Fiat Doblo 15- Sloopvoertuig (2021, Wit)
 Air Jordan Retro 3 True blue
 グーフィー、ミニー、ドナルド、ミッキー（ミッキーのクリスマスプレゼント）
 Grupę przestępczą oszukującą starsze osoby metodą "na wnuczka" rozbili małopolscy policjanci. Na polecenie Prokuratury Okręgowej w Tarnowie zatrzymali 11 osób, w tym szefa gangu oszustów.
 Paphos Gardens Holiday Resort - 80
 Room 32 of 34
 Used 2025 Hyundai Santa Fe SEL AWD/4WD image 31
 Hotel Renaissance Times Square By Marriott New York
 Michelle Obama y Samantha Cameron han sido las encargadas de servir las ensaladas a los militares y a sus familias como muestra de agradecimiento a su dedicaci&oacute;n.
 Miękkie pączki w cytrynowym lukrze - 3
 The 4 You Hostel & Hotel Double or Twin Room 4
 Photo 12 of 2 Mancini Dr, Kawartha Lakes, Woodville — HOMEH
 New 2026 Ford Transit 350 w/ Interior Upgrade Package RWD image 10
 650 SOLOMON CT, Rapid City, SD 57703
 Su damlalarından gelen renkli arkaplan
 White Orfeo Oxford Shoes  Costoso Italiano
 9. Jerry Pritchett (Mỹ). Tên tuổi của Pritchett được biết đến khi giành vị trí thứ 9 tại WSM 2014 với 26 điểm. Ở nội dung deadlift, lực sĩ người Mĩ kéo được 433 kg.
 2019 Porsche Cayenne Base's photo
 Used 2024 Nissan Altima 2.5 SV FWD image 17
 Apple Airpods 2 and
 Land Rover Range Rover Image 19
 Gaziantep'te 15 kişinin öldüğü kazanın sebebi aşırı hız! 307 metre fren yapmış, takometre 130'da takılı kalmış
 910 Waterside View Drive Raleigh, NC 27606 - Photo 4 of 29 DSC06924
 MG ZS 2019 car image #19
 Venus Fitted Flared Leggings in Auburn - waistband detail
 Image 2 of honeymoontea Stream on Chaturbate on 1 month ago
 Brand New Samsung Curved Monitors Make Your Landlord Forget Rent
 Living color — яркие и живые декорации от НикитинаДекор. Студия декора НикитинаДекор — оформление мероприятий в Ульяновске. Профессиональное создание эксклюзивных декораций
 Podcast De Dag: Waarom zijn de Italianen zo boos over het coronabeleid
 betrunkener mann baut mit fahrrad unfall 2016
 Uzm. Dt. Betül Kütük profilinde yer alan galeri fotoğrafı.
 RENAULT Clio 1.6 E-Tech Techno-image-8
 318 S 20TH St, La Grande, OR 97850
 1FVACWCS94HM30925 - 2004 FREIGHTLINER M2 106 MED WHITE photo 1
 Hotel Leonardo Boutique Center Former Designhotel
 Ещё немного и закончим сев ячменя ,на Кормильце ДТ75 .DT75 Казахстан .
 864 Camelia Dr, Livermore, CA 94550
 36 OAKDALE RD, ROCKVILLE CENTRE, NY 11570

########

TASK STATEMENT:
Set the entries above down again, each one exactly as written.

ANSWER FOR THIS EXERCISE:
Fiat Doblo 15- Sloopvoertuig (2021, Wit)
 Air Jordan Retro 3 True blue
 グーフィー、ミニー、ドナルド、ミッキー（ミッキーのクリスマスプレゼント）
 Grupę przestępczą oszukującą starsze osoby metodą "na wnuczka" rozbili małopolscy policjanci. Na polecenie Prokuratury Okręgowej w Tarnowie zatrzymali 11 osób, w tym szefa gangu oszustów.
 Paphos Gardens Holiday Resort - 80
 Room 32 of 34
 Used 2025 Hyundai Santa Fe SEL AWD/4WD image 31
 Hotel Renaissance Times Square By Marriott New York
 Michelle Obama y Samantha Cameron han sido las encargadas de servir las ensaladas a los militares y a sus familias como muestra de agradecimiento a su dedicaci&oacute;n.
 Miękkie pączki w cytrynowym lukrze - 3
 The 4 You Hostel & Hotel Double or Twin Room 4
 Photo 12 of 2 Mancini Dr, Kawartha Lakes, Woodville — HOMEH
 New 2026 Ford Transit 350 w/ Interior Upgrade Package RWD image 10
 650 SOLOMON CT, Rapid City, SD 57703
 Su damlalarından gelen renkli arkaplan
 White Orfeo Oxford Shoes  Costoso Italiano
 9. Jerry Pritchett (Mỹ). Tên tuổi của Pritchett được biết đến khi giành vị trí thứ 9 tại WSM 2014 với 26 điểm. Ở nội dung deadlift, lực sĩ người Mĩ kéo được 433 kg.
 2019 Porsche Cayenne Base's photo
 Used 2024 Nissan Altima 2.5 SV FWD image 17
 Apple Airpods 2 and
 Land Rover Range Rover Image 19
 Gaziantep'te 15 kişinin öldüğü kazanın sebebi aşırı hız! 307 metre fren yapmış, takometre 130'da takılı kalmış
 910 Waterside View Drive Raleigh, NC 27606 - Photo 4 of 29 DSC06924
 MG ZS 2019 car image #19
 Venus Fitted Flared Leggings in Auburn - waistband detail
 Image 2 of honeymoontea Stream on Chaturbate on 1 month ago
 Brand New Samsung Curved Monitors Make Your Landlord Forget Rent
 Living color — яркие и живые декорации от НикитинаДекор. Студия декора НикитинаДекор — оформление мероприятий в Ульяновске. Профессиональное создание эксклюзивных декораций
 Podcast De Dag: Waarom zijn de Italianen zo boos over het coronabeleid
 betrunkener mann baut mit fahrrad unfall 2016
 Uzm. Dt. Betül Kütük profilinde yer alan galeri fotoğrafı.
 RENAULT Clio 1.6 E-Tech Techno-image-8
 318 S 20TH St, La Grande, OR 97850
 1FVACWCS94HM30925 - 2004 FREIGHTLINER M2 106 MED WHITE photo 1
 Hotel Leonardo Boutique Center Former Designhotel
 Ещё немного и закончим сев ячменя ,на Кормильце ДТ75 .DT75 Казахстан .
 864 Camelia Dr, Livermore, CA 94550
 36 OAKDALE RD, ROCKVILLE CENTRE, NY 11570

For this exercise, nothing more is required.